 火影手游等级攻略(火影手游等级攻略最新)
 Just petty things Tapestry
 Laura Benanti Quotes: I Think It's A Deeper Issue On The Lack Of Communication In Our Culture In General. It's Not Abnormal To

□ □ □

Print the data above exactly.

 火影手游等级攻略(火影手游等级攻略最新)
 Just petty things Tapestry
 Laura Benanti Quotes: I Think It's A Deeper Issue On The Lack Of Communication In Our Culture In General. It's Not Abnormal To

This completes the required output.